Liberals are uneasy with extra judicial killings because they involve, by definition, punishment outside the law. But the option of arrest and due process was simply unavailable on this occasion.

Whoever killed Al-Mabhouh knew that he had been living in Syria, a country that provides first class protection for a horrifying variety of terrorist godfathers. With Syria unwilling to hand over al-Mabhouh, the option of arrest inside Dubai was similarly impossible.

With the arrest option unavailable, countries can either give terrorists carte blanche to continue their operations or eliminate them altogether. Had al-Mabhouh been left untouched, he could well have brought a lethal cocktail of Iranian weaponry into Gaza, endangering the lives of countless thousands of Israelis.

This might have satisfied liberal European opinion but not Israel's own government which has no interest in committing national suicide. Some argue that killing militants is ineffective in the long run, given how easily they can be replaced.

Terror groups are like the mythical hydra, we are told. If you kill a few operatives, several more emerge to supplant them. But it is never easy for a terror network to replace experienced commanders and bomb makers, many of whom have been trained for years at considerable expense. At the very least targeted assassinations buy democracies time while their enemies are forced to regroup.

Extra judicial killings are also designed for the purpose of deterrence. Al-Mabhouh's assassination will remind all terrorists and arms smugglers that their operations are under constant surveillance. They will not sleep easily if they know that their movements are being tracked by foreign intelligence and they may become permanently distrustful of others.

Of course not all extra judicial killings are legitimate. Several South American regimes used death squads in the 1960s to crush left-wing opposition while the Soviet Union was notorious for state-sanctioned murder.
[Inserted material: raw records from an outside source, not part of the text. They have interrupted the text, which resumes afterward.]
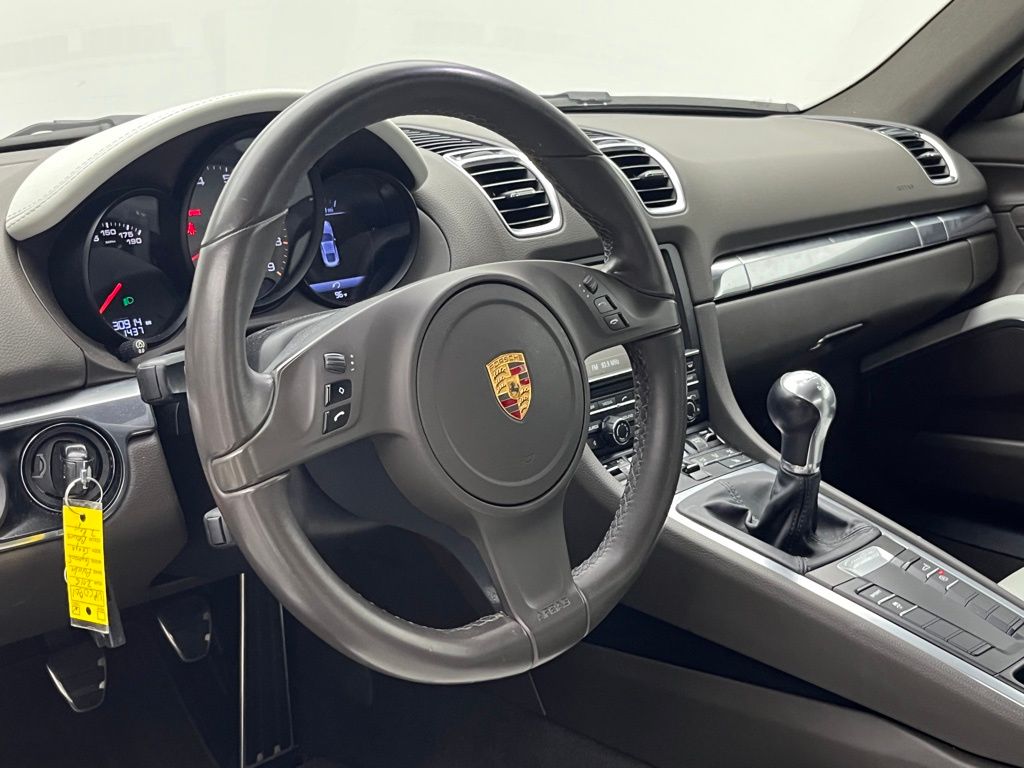 Thumbnail: 2016 Porsche Cayman - 12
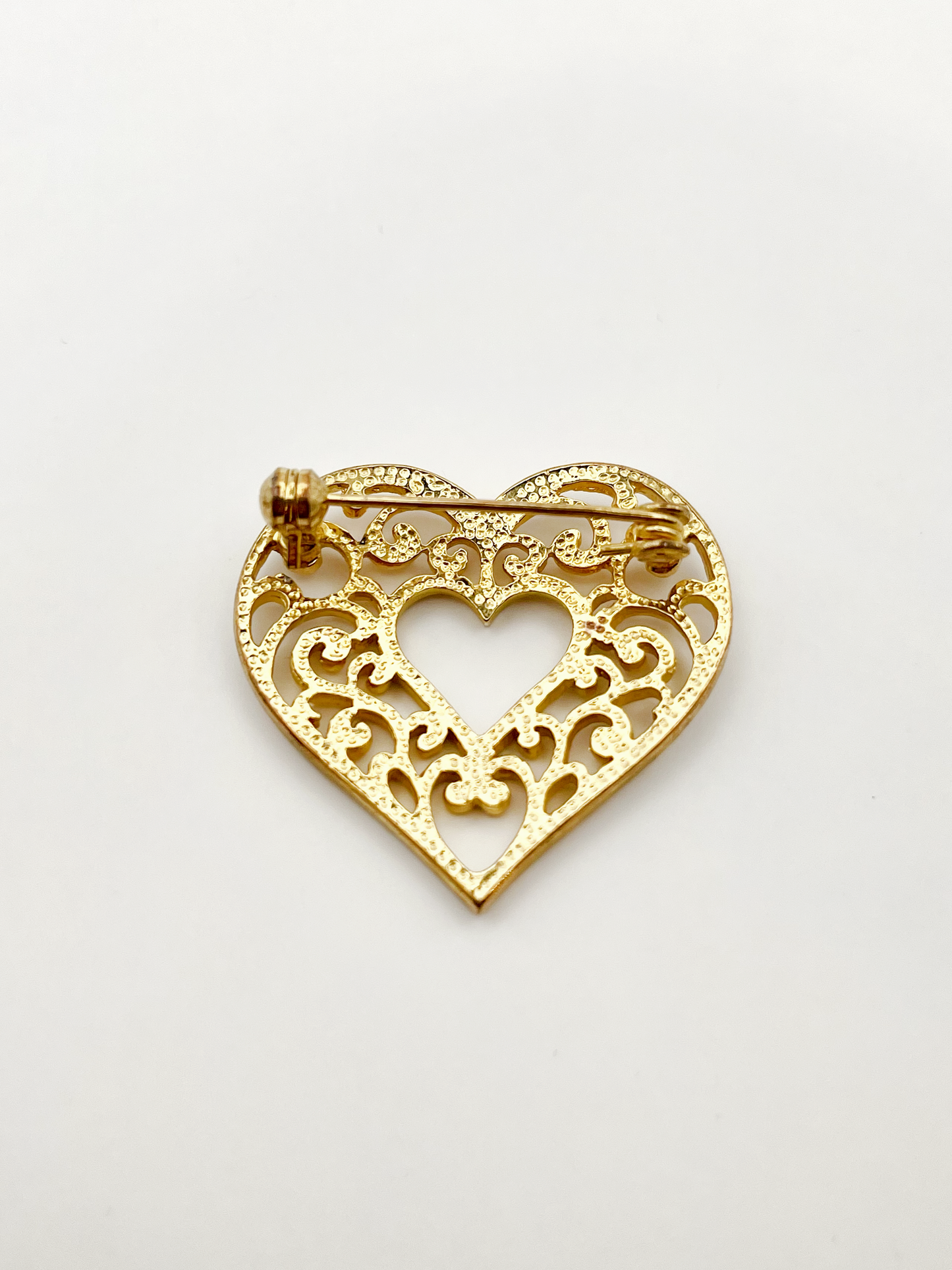 Broche coeur années 90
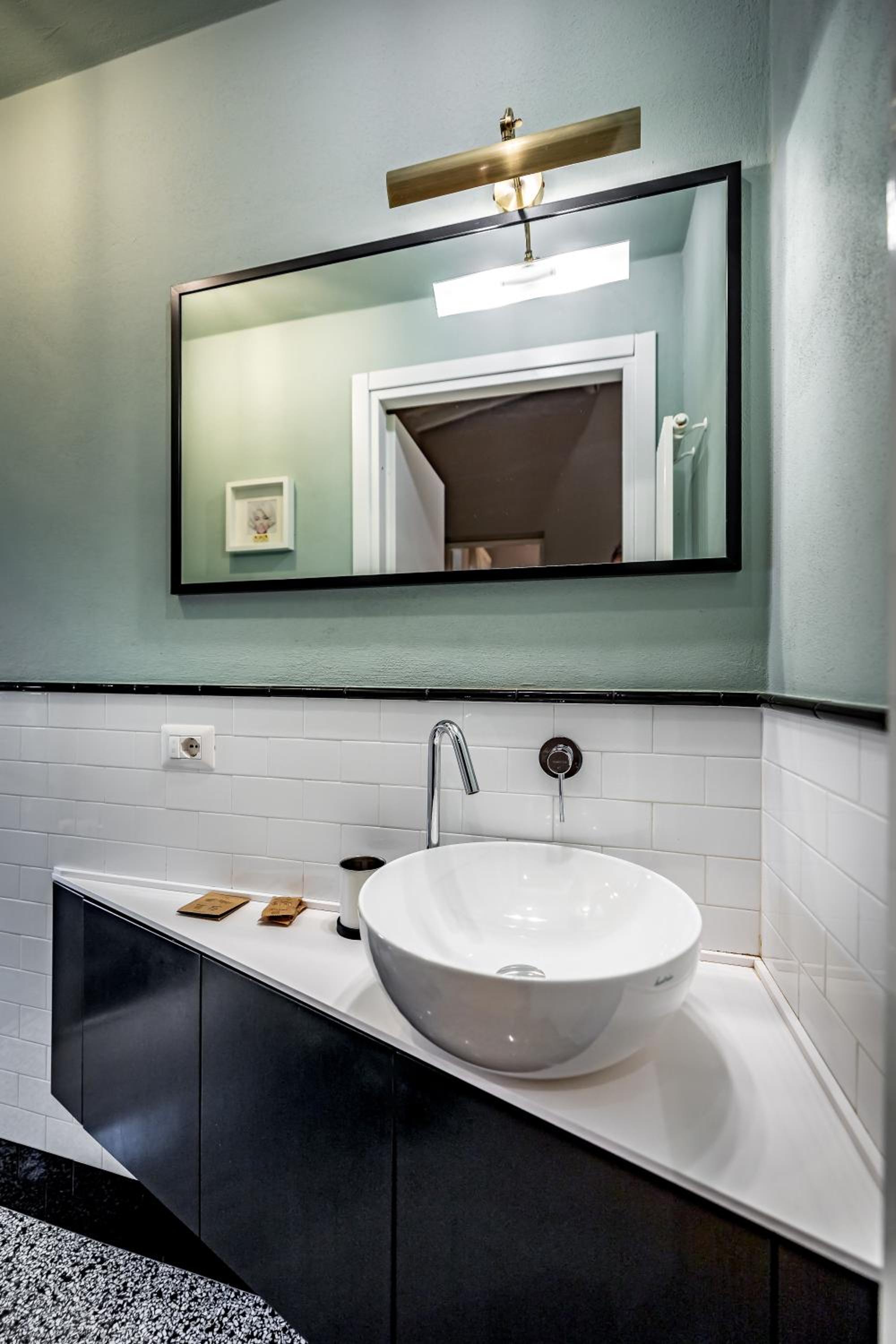 Hs4U Ricasoli Luxury apartment near Duomo N.1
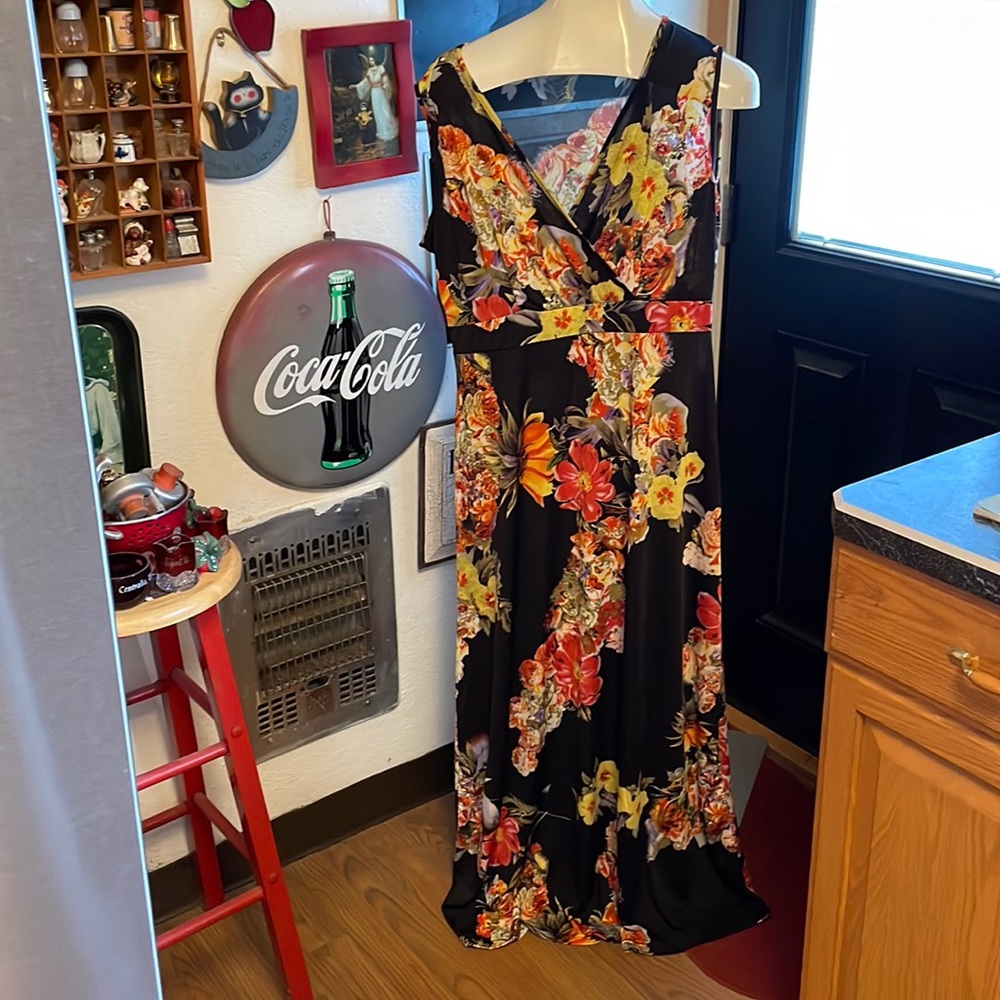 Roiii Size XL Dress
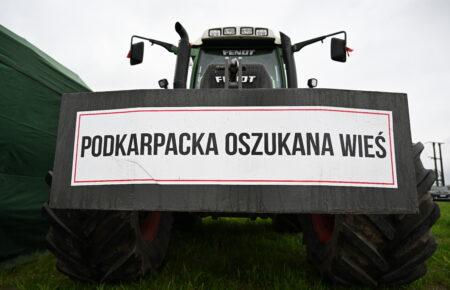 Польські фермери припинили блокування кордону з Україною
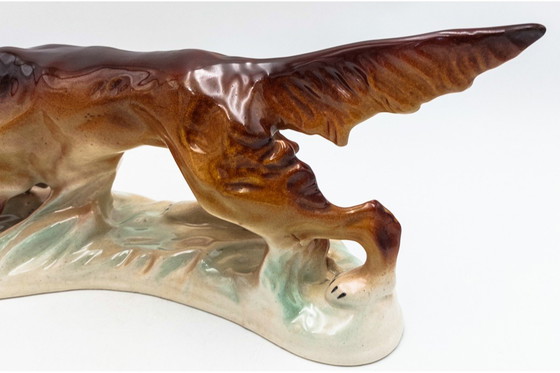 Image 1 of Porzellanfigur eines Hundes.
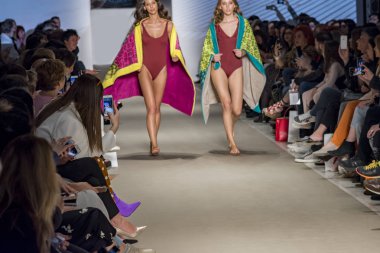 Atina, Yunanistan, 03/31/2018, mayo podyum bir moda gösterisinde modelleri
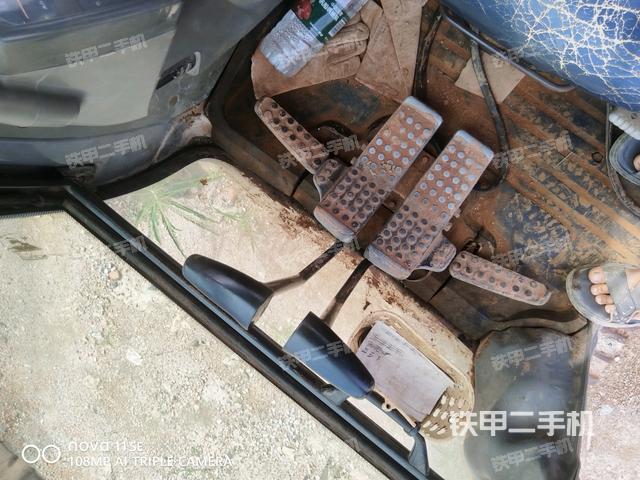 行走控制手柄和踏板 俯拍(驾驶室部分) 行走控制手柄和踏板 俯拍(驾驶室部分)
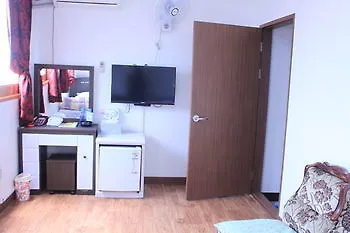 A Ji Hostel Jeju 2*,  South Korea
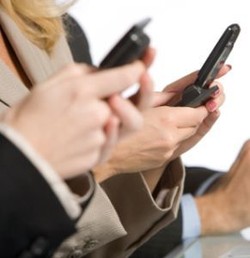 Draft Revisi Aturan Penangkal Maling Pulsa Belum Final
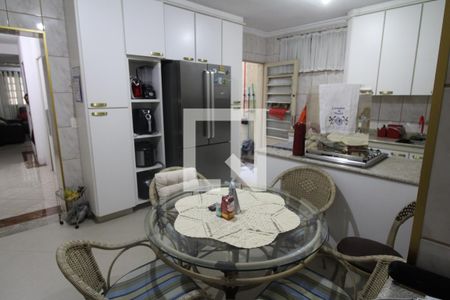 Casa à venda com 150m², 3 quartos e 2 vagasCozinha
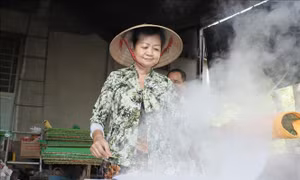 Làng nghề bánh tráng Cù lao Mây hối hả vụ Tết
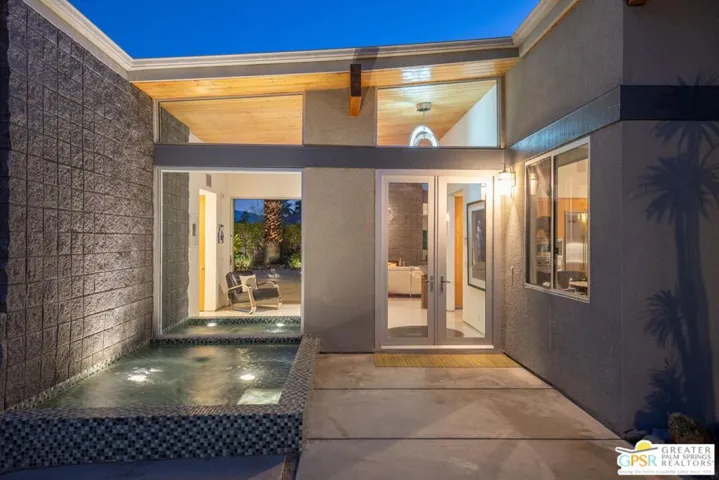 1701 Royal Palm Court, Palm Springs, California 92262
Autocratic regimes routinely silence peaceful dissidents in the most barbaric fashion, citing national security as a pretext.

But Al-Mabhouh was in a wholly different category. He chose to be part of the global jihad that is currently assaulting Western interests across the globe. In particular, he was an active participant in Iran's unrelenting war of terror against Israel.

That was why, despite the liberal intelligentsia's sanctimonious bleating, his assassination was both audacious and morally justified.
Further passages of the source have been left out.